### What is required
Locate the word "dance" in the entries below, then gather every line that holds it.

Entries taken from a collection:
* * *
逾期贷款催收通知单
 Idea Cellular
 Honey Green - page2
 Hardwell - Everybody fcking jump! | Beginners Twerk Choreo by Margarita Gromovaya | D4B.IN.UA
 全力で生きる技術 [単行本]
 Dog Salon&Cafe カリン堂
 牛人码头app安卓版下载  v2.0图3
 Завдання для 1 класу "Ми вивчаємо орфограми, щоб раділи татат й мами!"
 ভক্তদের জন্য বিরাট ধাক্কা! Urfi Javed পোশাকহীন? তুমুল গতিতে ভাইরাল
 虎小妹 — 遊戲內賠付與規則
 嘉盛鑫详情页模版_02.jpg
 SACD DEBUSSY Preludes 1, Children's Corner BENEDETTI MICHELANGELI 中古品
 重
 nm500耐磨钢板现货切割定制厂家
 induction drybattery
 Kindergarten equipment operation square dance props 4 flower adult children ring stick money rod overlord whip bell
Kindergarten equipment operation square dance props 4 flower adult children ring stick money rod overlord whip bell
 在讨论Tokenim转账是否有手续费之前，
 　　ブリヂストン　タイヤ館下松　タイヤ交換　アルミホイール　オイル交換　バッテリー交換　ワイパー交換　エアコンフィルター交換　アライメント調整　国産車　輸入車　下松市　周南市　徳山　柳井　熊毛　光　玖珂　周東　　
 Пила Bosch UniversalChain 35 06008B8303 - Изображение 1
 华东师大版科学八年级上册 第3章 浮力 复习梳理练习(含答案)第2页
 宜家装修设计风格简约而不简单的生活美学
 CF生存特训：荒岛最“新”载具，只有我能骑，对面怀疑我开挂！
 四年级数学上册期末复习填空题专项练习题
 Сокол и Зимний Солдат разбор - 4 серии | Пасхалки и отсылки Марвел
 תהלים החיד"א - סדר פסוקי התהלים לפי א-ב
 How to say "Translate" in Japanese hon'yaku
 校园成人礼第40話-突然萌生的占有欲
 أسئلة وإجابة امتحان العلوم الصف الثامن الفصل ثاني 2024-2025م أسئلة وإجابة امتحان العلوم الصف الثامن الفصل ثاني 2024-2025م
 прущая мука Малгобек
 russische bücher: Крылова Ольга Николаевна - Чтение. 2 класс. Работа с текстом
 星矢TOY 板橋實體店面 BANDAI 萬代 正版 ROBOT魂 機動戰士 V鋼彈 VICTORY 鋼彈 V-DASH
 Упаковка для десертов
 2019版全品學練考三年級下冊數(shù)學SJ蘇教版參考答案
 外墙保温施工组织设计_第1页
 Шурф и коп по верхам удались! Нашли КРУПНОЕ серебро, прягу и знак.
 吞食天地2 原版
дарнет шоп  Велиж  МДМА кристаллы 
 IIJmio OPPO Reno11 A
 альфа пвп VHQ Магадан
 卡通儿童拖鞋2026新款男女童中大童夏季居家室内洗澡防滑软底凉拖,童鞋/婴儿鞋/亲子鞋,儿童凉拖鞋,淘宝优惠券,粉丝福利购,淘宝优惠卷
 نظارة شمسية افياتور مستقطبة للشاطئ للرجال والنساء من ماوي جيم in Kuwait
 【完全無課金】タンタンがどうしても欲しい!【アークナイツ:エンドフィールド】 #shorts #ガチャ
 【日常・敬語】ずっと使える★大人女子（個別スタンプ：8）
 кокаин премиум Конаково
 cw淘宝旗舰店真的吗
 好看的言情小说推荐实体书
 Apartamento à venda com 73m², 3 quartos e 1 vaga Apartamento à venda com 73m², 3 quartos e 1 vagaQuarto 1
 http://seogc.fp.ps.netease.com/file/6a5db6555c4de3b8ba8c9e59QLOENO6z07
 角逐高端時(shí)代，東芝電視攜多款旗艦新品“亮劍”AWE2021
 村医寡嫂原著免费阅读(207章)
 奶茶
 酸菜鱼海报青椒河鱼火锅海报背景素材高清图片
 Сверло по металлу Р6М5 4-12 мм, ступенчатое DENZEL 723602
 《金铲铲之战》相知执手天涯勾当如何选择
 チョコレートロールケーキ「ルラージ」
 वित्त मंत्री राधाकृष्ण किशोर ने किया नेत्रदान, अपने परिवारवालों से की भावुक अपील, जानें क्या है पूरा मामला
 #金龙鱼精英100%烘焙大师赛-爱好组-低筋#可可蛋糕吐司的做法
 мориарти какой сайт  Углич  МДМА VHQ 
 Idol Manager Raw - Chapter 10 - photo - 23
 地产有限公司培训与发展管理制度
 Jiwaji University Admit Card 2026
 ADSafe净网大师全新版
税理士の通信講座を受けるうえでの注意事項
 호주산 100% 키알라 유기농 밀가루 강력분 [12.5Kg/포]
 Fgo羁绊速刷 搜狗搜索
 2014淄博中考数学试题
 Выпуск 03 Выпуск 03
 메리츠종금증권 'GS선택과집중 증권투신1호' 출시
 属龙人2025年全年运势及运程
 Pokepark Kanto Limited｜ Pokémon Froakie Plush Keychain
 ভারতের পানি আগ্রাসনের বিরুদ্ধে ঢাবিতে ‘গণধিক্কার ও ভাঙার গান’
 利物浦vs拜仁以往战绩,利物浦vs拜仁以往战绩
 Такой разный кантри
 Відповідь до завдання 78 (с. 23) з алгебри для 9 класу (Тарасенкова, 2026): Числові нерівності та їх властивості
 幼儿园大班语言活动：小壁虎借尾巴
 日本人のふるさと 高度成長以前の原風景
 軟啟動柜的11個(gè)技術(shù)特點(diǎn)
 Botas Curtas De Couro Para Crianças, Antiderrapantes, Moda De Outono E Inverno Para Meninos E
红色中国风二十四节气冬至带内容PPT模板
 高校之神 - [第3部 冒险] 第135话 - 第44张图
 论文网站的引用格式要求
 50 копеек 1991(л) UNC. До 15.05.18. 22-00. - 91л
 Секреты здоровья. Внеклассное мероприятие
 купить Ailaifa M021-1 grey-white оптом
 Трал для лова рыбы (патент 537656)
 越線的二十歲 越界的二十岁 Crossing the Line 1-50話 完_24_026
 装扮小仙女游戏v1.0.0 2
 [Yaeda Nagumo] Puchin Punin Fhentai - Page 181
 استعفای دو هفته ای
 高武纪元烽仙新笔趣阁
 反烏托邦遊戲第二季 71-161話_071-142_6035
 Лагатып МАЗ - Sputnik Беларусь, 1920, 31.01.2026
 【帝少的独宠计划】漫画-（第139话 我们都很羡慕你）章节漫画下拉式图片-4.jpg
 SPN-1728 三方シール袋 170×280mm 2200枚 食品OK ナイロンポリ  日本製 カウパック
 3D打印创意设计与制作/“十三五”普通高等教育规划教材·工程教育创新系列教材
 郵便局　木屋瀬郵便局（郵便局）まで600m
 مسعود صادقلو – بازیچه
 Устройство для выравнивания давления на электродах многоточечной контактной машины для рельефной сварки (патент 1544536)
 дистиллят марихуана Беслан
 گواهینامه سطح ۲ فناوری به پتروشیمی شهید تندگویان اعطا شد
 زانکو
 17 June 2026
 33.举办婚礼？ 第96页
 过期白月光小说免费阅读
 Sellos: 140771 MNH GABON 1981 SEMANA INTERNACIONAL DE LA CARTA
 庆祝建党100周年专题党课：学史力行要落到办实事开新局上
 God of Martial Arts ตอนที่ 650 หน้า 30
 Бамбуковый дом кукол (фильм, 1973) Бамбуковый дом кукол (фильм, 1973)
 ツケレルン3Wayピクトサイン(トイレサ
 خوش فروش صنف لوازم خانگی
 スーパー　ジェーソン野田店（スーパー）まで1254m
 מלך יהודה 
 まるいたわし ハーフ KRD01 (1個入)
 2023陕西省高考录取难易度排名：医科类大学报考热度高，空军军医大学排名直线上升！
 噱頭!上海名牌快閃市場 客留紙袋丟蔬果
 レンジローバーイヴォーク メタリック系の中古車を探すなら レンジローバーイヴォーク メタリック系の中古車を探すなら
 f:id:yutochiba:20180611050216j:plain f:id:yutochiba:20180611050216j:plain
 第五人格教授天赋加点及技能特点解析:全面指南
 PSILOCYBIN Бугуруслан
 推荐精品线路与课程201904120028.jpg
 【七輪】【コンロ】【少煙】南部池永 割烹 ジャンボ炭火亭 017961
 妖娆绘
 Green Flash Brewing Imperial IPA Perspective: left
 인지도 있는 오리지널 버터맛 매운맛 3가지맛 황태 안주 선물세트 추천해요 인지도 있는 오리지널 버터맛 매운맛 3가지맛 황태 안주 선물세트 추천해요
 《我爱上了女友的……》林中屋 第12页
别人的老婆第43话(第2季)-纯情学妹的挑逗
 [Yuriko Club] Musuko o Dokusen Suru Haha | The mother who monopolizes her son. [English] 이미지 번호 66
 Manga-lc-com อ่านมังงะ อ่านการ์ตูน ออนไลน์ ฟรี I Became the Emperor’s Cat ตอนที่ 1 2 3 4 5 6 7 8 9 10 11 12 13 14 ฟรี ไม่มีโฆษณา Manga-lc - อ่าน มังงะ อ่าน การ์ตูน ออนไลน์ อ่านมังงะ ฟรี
* * *
### Answer
 Kindergarten equipment operation square dance props 4 flower adult children ring stick money rod overlord whip bell
Kindergarten equipment operation square dance props 4 flower adult children ring stick money rod overlord whip bell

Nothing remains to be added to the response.